'Gomorrah' Producer Says Series Would Not Harm Italian Neighborhood's Image
Riccardo Tozzi defends the controversial TV project against the concerns of a local political leader.
ROME – One of the co-producers of the in-production Gomorrah television series defended it against a local official’s decision to deny producers access to a key neighborhood in Naples, saying that the production seeks only to tell the truth about the often bloody neighborhood of Scampia.

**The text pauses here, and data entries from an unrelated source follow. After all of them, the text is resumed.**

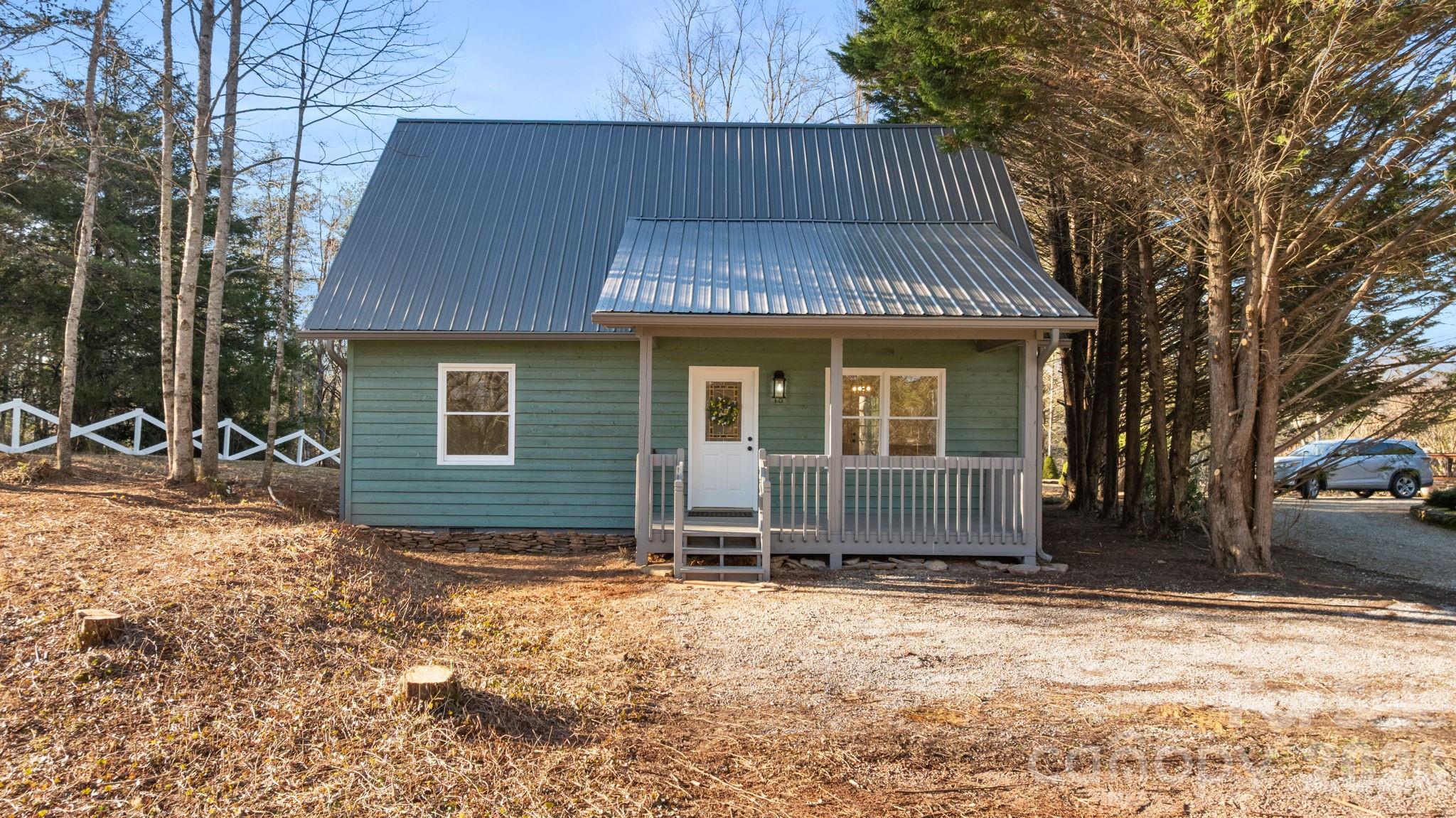 15 Glory Road Franklin, NC 28734 - Photo 29 of 37 a front view of a house with a yard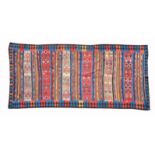 AN ANTIQUE ANATOLIAN WOVEN WOOL KELIM with polychrome banded geometric decoration, 420cm x 168cm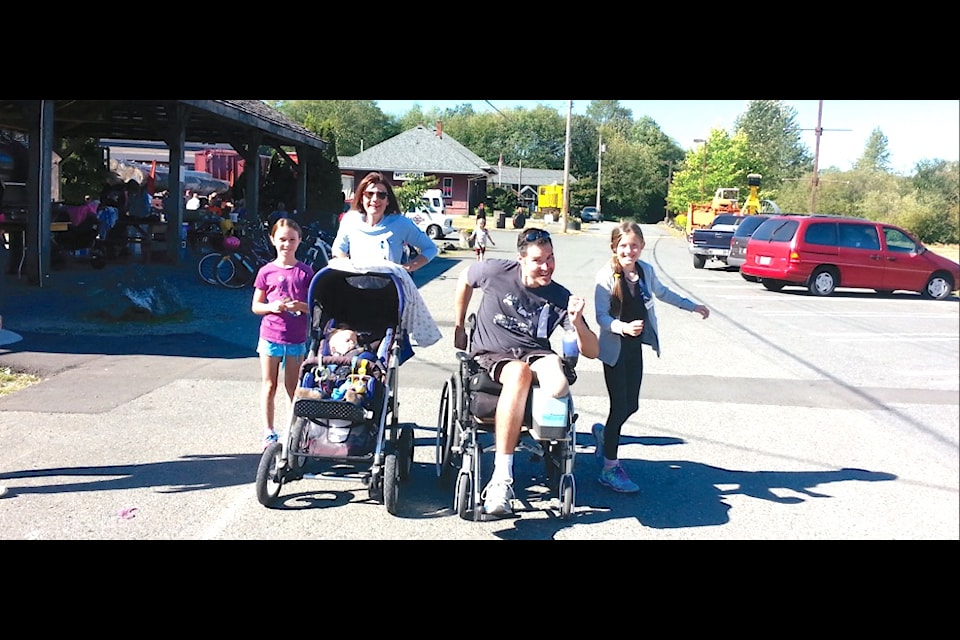"Charlie Newman leads a group across the finish line at the Terry Fox Run. The numbers were impressive for the 2014 run on Sunday, September 14. Seventy-eight participants, and 26 volunteers made the
annual run another success in Lake Cowichan which raised a total of $1,535 for the cause. The event has become a community family one at the lake with runners, walkers and kids on bikes joining in the event and then staying to enjoy hamburgers cooked up by the folks at Jakes at the Lake."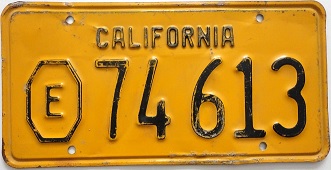 1956+ exempt plate with E in octagon, 74 613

On Sunday, Angelo Pisani, Scampia’s top administrative official, said he would deny producers of the follow-up to Matteo Garrone’s 2008 Cannes jury prize winning organized crime drama, also called Gomorrah, a permit to film in the neighborhood. He said Garone’s film had damaged the image of the neighborhood, and that he didn’t want it damaged further by the television series.
But Riccardo Tozzi, head of the production company Cattleya and also president of ANICA, Italy’s national audiovisual association, said Wednesday that only around 3 percent of the 12-part series would be filmed in Scampia, according to local press reports. He said the series did not aim to “profit” from the neighborhood’s bad reputation, but rather to accurately shed light on the situation there.
Tozzi is co-producing the series along with Domenico Procacci, one of the producers behind Garone’s film.
Scampia is the Naples neighborhood best known for revenge killings, Mafia control and drug wars. Pisani said he thought media attention to the neighborhood did it a disservice.
“I think it is time to say enough of the exploitation of Naples and of Scampia in particular,” Pisani said. “Negative aspects exist, it cannot be denied. But the constant exaggeration solves nothing except to confirm the stigma.”
Roberto Saviano, the Naples-born writer of the bloody and chilling mob expose -- also called Gomorrah -- that inspired both the film and the television series, said Pisani’s decision was an act of censorship designed to cover up the inability of political leaders to solve the city’s organized crime problems.
“When nothing changes as a result of incompetent management, it is better [from the perspective of political leaders] that the press, the pens of writers, and the television cameras of directors remain silent,” Saviano said.